I have attempted to draw an oral sketch of the way scientists associate themselves with other scientists, how that association is facilitated by professional societies, and to how scientists communicate their work to each other. The image I would like you to hold in your mind is, like most hierarchical sketches, something like a tree. At the top we have all natural sciences, a representative society being the AAAS with its journal Science. One level down ar the major disciplines of the natural sciences.. with abbraviations given for a few representative societies and journals. I then break down the discipline of physics into some of its subdisciplines and the subdiscipline of plasma physics into some its primary research areas. You can imagine how the chart would be completed by breaking down each of the major disciplines into its subdisciplines and further into major areas of research. It is at the finest level of specializaton where the most complete communication occurs and where rapid progress is made because the members of the research area are so narrowly focused on an esoteric set of problems.

The image is very rough and can be misleading, for there are twigs of this tree that one could easily identify with two or more of its major branches. For example, on which branch of this tree should I place biochemistry or geophysics. These are more and more referred to as interdisciplinary fields. I will say more about them later. Despite the limitations of this way of viewing the way scientists are related through their professional associations and personal identifications, I think one can also view this chart as a crude representation of the historical origins of the various subdisciplines of chemistry, physics, etc. , as a family tree for scientific disciplines. In the late nineteenth century, there were few or no subfields of physics. Although physicists were working on a wide range of problems, many of which were the seeds for future subdisciplines, the community of physicists was both smaller and more unified. Over the course of the last century, the subdisciplines of atomic physics, nuclear physics, particle physics split off. So I think you can view this tree (again with some caution) as a depiction of the historical relations of these subfields to each other. Going further back into the nineteenth century the distinction between physicist and chemist was nonexistent.

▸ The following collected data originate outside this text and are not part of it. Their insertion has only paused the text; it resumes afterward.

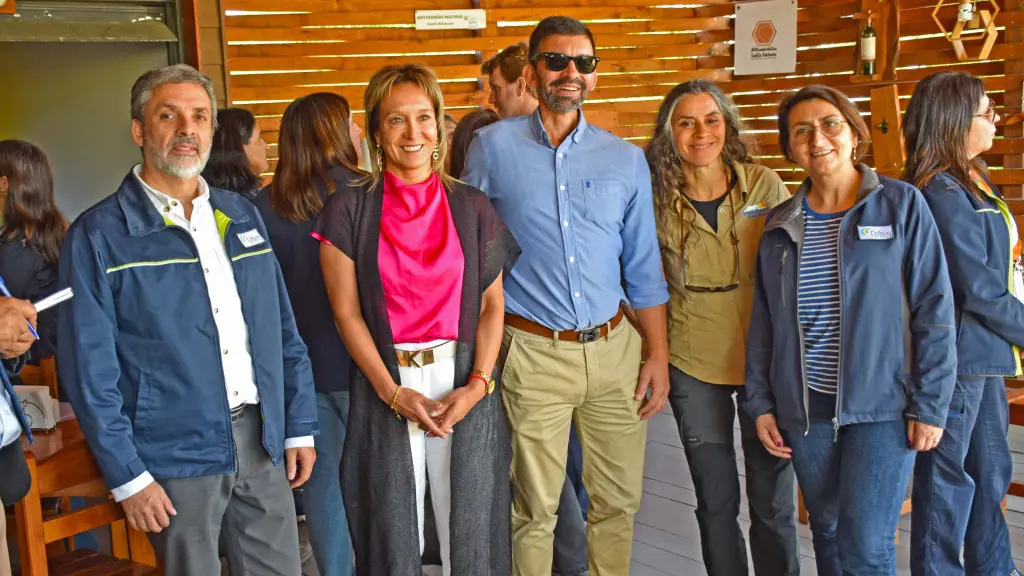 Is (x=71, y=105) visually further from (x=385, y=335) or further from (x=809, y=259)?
(x=809, y=259)

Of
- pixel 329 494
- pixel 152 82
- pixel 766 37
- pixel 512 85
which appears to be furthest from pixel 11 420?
pixel 766 37

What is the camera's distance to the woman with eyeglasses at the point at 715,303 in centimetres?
300

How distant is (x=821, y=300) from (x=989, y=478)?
0.96 meters

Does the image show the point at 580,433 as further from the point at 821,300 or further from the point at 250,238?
the point at 250,238

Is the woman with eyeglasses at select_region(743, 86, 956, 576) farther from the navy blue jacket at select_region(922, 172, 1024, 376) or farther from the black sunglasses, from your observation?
the black sunglasses

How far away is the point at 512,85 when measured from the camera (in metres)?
4.04

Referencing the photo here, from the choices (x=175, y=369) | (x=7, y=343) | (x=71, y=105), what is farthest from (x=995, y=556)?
(x=71, y=105)

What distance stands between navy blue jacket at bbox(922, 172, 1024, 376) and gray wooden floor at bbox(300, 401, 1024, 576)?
3.59ft

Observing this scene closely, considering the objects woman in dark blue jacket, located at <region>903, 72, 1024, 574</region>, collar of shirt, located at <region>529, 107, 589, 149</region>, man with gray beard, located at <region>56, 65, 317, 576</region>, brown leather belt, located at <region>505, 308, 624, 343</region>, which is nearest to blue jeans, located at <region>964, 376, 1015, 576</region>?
woman in dark blue jacket, located at <region>903, 72, 1024, 574</region>

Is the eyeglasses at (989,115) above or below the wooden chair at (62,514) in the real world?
above

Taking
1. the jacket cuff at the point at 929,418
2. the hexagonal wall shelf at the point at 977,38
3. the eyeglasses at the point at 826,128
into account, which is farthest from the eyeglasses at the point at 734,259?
the hexagonal wall shelf at the point at 977,38

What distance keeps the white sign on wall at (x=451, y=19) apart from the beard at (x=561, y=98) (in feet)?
17.6

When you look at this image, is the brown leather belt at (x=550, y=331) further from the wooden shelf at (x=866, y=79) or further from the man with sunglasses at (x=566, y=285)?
the wooden shelf at (x=866, y=79)

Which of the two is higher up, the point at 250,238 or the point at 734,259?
the point at 250,238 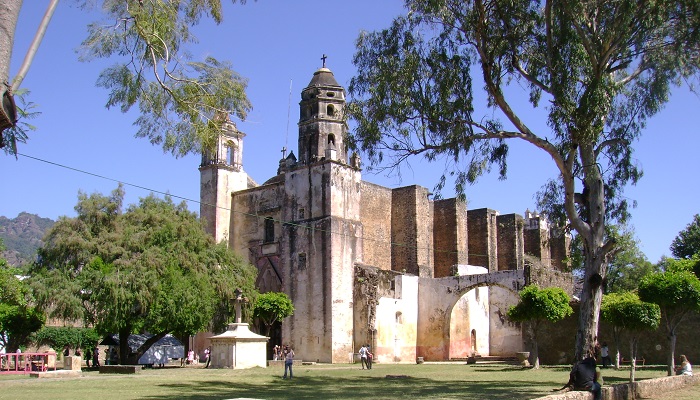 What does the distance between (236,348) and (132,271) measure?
4345 millimetres

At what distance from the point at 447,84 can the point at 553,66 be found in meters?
2.35

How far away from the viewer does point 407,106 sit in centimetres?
1672

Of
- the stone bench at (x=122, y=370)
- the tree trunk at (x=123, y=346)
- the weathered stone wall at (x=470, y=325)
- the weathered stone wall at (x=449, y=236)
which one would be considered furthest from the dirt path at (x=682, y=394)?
the weathered stone wall at (x=449, y=236)

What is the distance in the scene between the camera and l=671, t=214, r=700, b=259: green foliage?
42969 millimetres

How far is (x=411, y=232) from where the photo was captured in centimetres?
3747

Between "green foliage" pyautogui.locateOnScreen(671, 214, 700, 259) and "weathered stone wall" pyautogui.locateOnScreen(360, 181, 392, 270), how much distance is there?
1808 centimetres

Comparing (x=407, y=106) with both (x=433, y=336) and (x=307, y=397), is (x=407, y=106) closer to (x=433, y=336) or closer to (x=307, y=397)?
(x=307, y=397)

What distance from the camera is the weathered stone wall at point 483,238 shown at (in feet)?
130

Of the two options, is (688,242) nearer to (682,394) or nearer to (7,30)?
(682,394)

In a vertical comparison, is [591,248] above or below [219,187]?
below

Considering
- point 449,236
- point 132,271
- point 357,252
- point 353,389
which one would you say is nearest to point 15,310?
point 132,271

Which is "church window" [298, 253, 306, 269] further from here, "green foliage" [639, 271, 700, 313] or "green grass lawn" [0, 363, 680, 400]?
"green foliage" [639, 271, 700, 313]

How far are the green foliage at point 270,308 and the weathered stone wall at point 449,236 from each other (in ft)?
37.3

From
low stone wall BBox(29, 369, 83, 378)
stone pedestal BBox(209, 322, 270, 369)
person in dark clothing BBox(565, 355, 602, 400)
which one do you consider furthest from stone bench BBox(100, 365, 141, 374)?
person in dark clothing BBox(565, 355, 602, 400)
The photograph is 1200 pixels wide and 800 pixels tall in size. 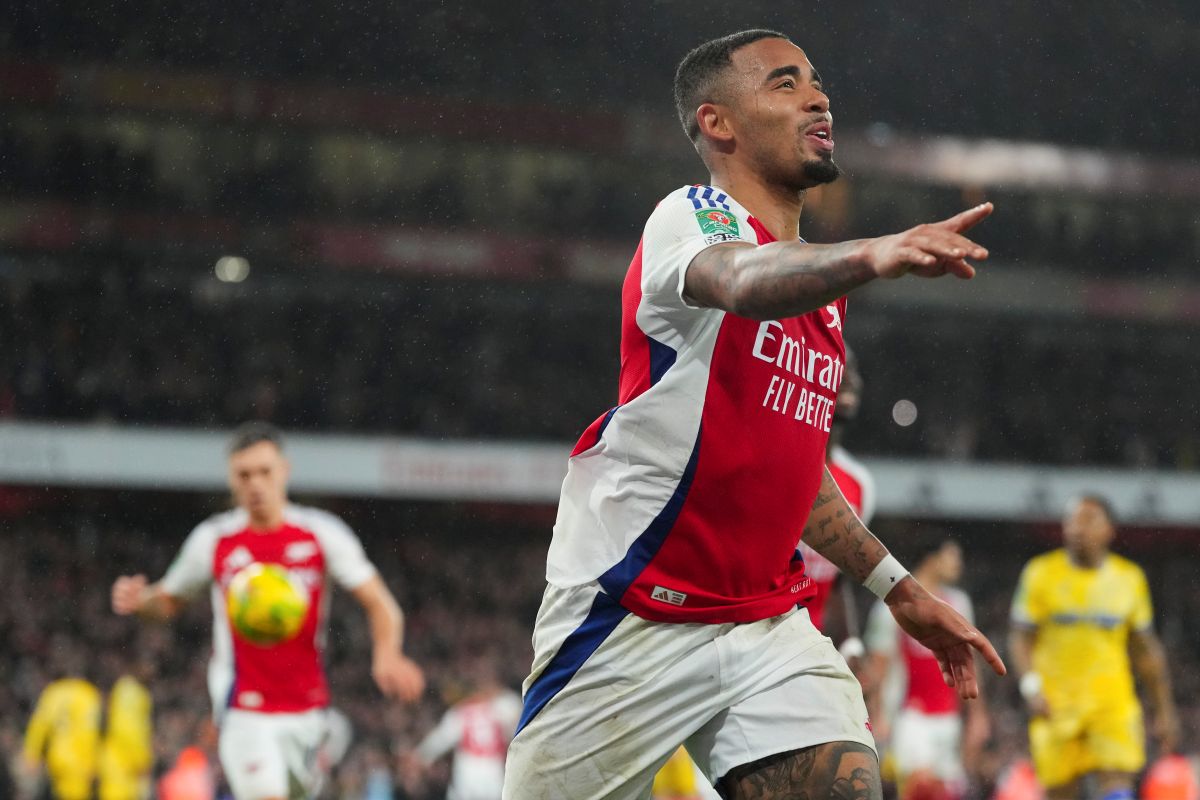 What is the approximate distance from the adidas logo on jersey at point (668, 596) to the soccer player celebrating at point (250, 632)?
10.6ft

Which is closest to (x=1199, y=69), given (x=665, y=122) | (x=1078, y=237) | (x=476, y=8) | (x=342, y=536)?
(x=1078, y=237)

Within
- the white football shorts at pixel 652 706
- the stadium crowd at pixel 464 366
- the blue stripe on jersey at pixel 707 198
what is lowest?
the white football shorts at pixel 652 706

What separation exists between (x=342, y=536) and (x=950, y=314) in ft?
73.8

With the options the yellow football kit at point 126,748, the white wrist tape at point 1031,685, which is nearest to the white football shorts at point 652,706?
the white wrist tape at point 1031,685

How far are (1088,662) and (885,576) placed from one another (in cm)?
508

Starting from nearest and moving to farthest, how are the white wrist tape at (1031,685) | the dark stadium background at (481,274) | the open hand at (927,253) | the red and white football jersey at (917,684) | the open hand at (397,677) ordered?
the open hand at (927,253)
the open hand at (397,677)
the white wrist tape at (1031,685)
the red and white football jersey at (917,684)
the dark stadium background at (481,274)

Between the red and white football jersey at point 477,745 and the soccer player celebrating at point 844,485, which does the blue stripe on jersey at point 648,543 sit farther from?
the red and white football jersey at point 477,745

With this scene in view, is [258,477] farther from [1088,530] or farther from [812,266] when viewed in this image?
[812,266]

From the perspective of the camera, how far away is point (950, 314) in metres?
27.5

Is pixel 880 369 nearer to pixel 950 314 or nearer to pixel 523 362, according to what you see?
pixel 950 314

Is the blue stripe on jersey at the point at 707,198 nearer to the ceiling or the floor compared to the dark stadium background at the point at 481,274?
nearer to the floor

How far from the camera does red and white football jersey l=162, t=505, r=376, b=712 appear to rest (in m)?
6.21

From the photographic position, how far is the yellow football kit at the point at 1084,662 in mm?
7691

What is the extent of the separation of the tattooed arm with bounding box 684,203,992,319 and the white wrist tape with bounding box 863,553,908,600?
1.03 meters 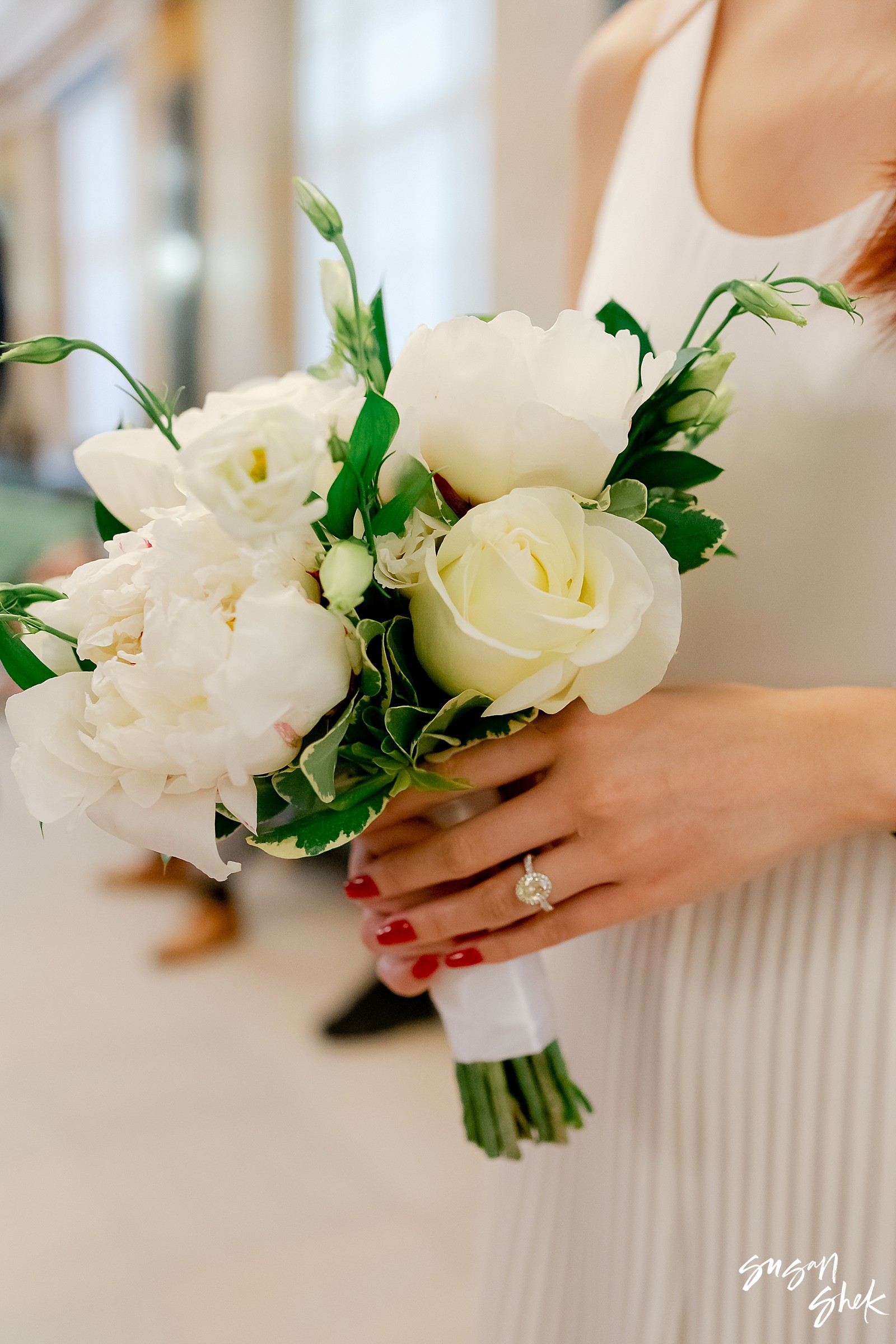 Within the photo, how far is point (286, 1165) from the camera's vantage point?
6.10 ft

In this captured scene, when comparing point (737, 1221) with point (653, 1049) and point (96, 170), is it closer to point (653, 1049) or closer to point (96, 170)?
point (653, 1049)

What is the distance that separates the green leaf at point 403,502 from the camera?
50 cm

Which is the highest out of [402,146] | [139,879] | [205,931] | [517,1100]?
[402,146]

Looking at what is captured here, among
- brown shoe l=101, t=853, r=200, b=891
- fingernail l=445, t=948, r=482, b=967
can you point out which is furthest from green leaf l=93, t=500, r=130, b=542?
brown shoe l=101, t=853, r=200, b=891

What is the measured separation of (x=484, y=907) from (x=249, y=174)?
4.92 metres

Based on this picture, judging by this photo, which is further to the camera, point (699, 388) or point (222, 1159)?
point (222, 1159)

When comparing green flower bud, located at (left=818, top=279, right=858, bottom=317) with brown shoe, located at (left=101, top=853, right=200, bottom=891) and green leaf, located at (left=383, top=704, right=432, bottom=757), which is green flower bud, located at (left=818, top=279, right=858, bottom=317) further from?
brown shoe, located at (left=101, top=853, right=200, bottom=891)

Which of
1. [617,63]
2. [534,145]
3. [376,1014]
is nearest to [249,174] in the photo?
[534,145]

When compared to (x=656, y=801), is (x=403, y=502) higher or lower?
higher

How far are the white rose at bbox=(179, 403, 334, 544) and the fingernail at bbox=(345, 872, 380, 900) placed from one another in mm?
327

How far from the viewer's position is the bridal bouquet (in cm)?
46

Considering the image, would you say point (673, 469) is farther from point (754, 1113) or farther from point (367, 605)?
point (754, 1113)

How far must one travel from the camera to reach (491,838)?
61 cm

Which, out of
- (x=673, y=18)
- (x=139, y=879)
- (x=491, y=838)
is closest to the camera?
(x=491, y=838) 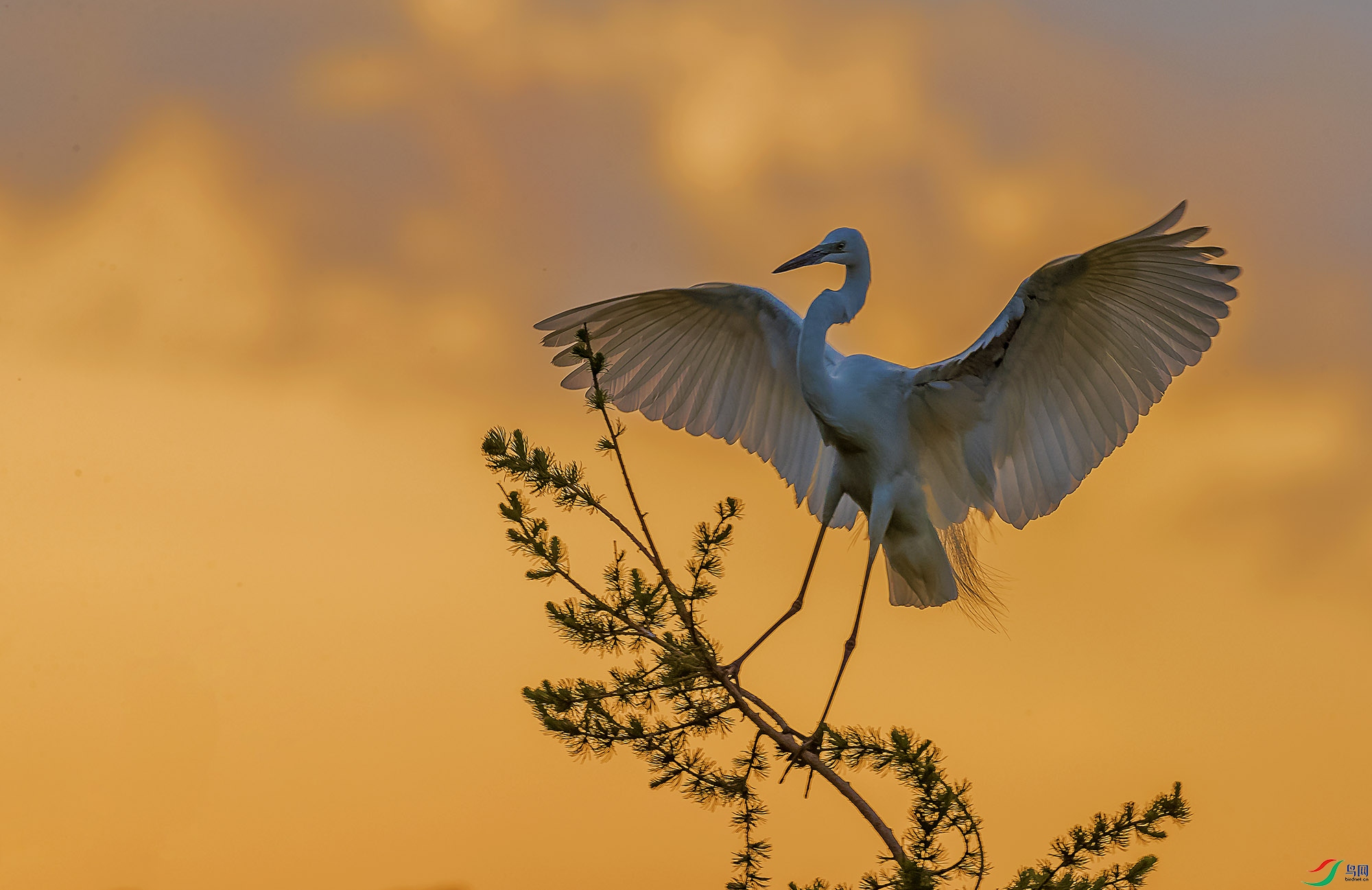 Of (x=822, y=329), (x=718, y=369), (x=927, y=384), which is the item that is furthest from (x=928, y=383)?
(x=718, y=369)

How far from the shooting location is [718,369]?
535 cm

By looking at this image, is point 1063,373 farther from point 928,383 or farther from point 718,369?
point 718,369

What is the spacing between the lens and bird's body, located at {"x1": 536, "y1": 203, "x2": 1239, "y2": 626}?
4172 mm

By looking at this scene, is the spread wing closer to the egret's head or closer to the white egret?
the white egret

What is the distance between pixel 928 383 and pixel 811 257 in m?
0.73

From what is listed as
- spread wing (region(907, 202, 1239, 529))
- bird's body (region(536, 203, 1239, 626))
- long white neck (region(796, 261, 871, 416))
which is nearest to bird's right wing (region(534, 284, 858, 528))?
bird's body (region(536, 203, 1239, 626))

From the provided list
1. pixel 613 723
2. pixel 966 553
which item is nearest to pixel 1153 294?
pixel 966 553

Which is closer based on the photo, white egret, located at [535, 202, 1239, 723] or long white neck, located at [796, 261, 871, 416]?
white egret, located at [535, 202, 1239, 723]

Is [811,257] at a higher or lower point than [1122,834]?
higher

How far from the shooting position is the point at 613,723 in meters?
3.58

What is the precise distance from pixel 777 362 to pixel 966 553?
4.28 ft

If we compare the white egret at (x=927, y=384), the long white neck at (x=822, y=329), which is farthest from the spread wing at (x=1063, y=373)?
the long white neck at (x=822, y=329)

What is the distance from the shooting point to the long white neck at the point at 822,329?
4414 mm

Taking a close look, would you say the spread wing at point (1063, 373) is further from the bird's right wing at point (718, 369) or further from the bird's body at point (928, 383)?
the bird's right wing at point (718, 369)
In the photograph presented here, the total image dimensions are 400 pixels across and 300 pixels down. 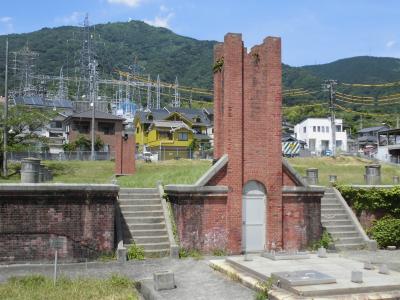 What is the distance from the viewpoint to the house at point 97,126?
200 ft

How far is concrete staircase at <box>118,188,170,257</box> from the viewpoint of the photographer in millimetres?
14594

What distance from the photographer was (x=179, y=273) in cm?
1204

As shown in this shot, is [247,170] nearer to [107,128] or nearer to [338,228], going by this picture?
[338,228]

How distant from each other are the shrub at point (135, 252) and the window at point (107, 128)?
49046 mm

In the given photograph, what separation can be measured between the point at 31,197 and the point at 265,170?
696 cm

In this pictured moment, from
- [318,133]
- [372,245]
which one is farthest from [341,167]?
[318,133]

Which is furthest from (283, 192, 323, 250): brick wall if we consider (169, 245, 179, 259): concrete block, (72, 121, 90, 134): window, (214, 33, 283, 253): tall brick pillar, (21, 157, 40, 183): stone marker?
(72, 121, 90, 134): window

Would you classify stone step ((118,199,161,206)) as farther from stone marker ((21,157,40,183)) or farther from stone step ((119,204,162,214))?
stone marker ((21,157,40,183))

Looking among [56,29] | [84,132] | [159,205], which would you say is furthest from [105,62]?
[159,205]

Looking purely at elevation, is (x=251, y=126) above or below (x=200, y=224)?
above

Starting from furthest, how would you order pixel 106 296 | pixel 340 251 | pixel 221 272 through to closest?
pixel 340 251 < pixel 221 272 < pixel 106 296

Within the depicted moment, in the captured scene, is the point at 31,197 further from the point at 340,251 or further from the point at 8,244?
the point at 340,251

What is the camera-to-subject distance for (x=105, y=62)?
497 feet

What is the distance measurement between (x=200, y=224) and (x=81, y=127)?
164ft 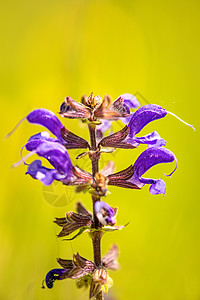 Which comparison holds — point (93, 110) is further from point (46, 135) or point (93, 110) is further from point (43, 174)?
point (43, 174)

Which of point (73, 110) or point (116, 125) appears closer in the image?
point (73, 110)

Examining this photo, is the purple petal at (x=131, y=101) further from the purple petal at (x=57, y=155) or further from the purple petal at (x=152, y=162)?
the purple petal at (x=57, y=155)

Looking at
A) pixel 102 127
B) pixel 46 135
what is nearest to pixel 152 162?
pixel 102 127

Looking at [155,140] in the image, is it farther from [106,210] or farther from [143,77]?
[143,77]

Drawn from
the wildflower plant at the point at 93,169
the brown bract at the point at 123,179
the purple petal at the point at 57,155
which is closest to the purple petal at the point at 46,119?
the wildflower plant at the point at 93,169

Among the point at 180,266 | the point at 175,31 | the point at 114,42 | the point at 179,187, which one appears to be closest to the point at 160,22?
the point at 175,31

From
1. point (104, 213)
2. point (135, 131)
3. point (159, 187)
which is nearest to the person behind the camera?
point (104, 213) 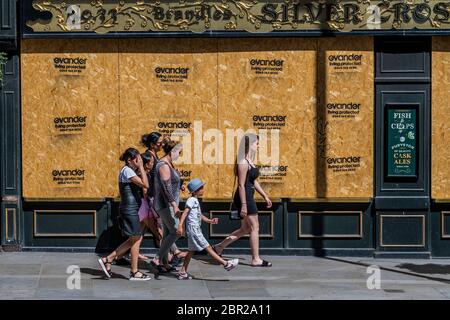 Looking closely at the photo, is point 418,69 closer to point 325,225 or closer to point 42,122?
point 325,225

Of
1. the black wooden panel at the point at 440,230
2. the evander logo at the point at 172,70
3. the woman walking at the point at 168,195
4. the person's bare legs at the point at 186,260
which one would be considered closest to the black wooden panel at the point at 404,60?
the black wooden panel at the point at 440,230

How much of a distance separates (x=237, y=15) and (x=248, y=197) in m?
2.83

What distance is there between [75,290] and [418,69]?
20.5 feet

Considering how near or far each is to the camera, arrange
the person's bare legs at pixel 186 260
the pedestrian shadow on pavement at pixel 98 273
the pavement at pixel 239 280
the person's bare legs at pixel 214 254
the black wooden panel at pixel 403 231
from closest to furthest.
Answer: the pavement at pixel 239 280, the person's bare legs at pixel 214 254, the person's bare legs at pixel 186 260, the pedestrian shadow on pavement at pixel 98 273, the black wooden panel at pixel 403 231

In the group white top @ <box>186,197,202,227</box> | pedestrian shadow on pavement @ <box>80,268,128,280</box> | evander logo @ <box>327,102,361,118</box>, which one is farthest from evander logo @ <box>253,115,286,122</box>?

distinguishing scientific from non-scientific academic communities
Much of what I have said about the sociology of science applies also to nonscientific disciplines ... to the community of scholars of romantic English poetry... to the community of economists ... to the community of scholars of American history ... etc. What is it that makes scientific communities different from other academic communities? This question bring us back to Thomas Kuhn. In Kuhn's view, what makes a community scientific is its almost universal acceptance of a single shared paradigm (or set of paradigms) ... an agreed upon world view (at least in so far as the subject of their communal professional interests go). In most social sciences (at least at the time Kuhn was writing) and especially in the creative arts and humanities, disciplines are characterized by competing schools of thought. The observation that nonscientific academic communities were characterized by severe disagreements over very fundamental issues that went to the heart of the communities subject of study, whereas scientific communities almost never engaged in this kind of debate, was critical to Kuhn's initial conception of a 'paradigm.' In the preface to Structure he writes,

" the Center for Advanced Studies in the Behavioral Sciences ... I was struck by the number and the extent of the overt disagreements between social scientists about the nature of legitimate scientific problems and methods ... Attempting to discover the source of [the] difference [between the natural and social sciences] led me to recognize the role in scientific research of what I have since called 'paradigms.' " -SSR, preface p.x

The existence of a universally accepted 'paradigm' within a given academic discipline is for Kuhn the criterion by which we should determine whether the discipline is scientific or not. Several key sentences from section II of Kuhn's essay illustrate the point:

"Men whose research is based on shared paradigms are committed to the same rules and standards for scientific practice. That commitment and the apparent consensus it produces are prerequisites for normal science... Acquisition of a paradigm and of the more esoteric type of research it permits is a sign of maturity in the development of any given scientific field." -SSR p. 11

"... and it remains an open question what parts of social science have yet acquired such paradigms at all." -SSR p. 15

"What is surprising, and perhaps also unique in its degree to the fields we call science, is that such initial divergences [competing schools] should ever largely disappear. For they do disappear to a very considerable extent and then apparently once and for all." -SSR p. 17

"Except with the advantage of hindsight, it is hard to find another criterion [other than the acquisition of a paradigm] that so clearly proclaims a field a science." -SSR p. 22
Scientific communities are unusually united in their view of their own discipline. They agree on what types of questions are worth asking and what constitutes an acceptable answer to a question. They even agree to a large extent on how to go about answering the questions. They share a common paradigm (or set of paradigms or disciplinary matrix). In disciplines of the social sciences, humanities and arts, there are frequently competing schools of thought ... adherents to competing paradigms. Exceptions to the rule that scientific communities are unified in the way described are scientific communities in crisis or dealing with anomalies ... communities ripe for revolution.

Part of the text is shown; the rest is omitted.